Vietnam Dairy Products Joint Stock Company (Vinamilk) has become a leading business in the local milk industry after four decades of development, and now is stretching its reach to global markets, Ha Noi Moi daily reported. 




Vinamilk holds a 55-percent market share in Vietnam’s dairy industry, partly thanks to spending more than 6.5 trillion VND (291.3 million USD) on building highly automated factories over the last five years. 

It now owns 10 farms and 13 factories in Vietnam, along with three plants in the US, New Zealand and Cambodia. It also has a subsidiary in Poland and is promoting the export of its products to new markets like Thailand, Myanmar and African countries. 

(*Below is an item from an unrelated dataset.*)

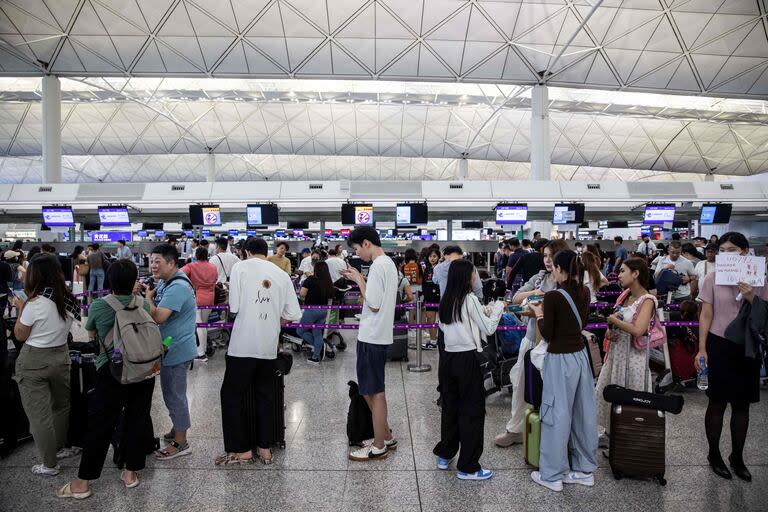 Los pasajeros esperan a ser facturados en el Aeropuerto Internacional de Hong Kong el 19 de julio de 2024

Vinamilk CEO Mai Kieu Lien said her company raked in 5.3 trillion VND (about 242 million USD) in export turnover in 2015, a surge of 77 percent from the previous year and 800 percent from 1998. 

The firm’s products have been sold in 43 countries around the world, including the Republic of Korea, Japan, China, Turkey, Russia, Canada, the US and Australia. It is working to make inroads in Europe, Africa and South America. 

At the Summer Fancy Food Show in the US last July, Vinamilk and its subsidiary Driftwood Dairy Inc. introduced two condensed milk and cream products made in Vietnamese factories. 

Those products satisfied strict regulations in the US and were recognised by the country’s Food and Drug Administration and Department of Agriculture, affirming the standing of Vinamilk products, according to Ha Noi Moi. 

The firm spent 10 million USD to purchase all the shares in the Driftwood factory – a leading milk producer in Northern California, the US. Driftwood earned 119 million USD in revenue in 2015, contributing 6.5 percent to Vinamilk’s total revenue. 

Last May, the dairy maker inaugurated the Angkor milk factory in Phnom Penh, Cambodia. It is expected to manufacture more than 19 million litres of liquid milk products, 64 million cups of yogurt and 80 million cans of condensed milk when at full capacity. The plant is expected to generate 54 million USD in revenue in 2017. 

Meanwhile, the Miraka factory in New Zealand – Vinamilk’s first foreign invested project – was put into operation in August 2011. The company raised its ownership in the facility from 19.3 percent to 22.81 percent in 2015. Miraka has a milk powder processing line and another for pasteurised fresh milk. 

In 2014, Vinamilk was licensed to open a subsidiary in Poland which produces materials for production activities of the parent company and other subsidiaries. This affiliate shipped abroad nearly 18,000 tonnes of milk powder worth 33 million USD in 2015.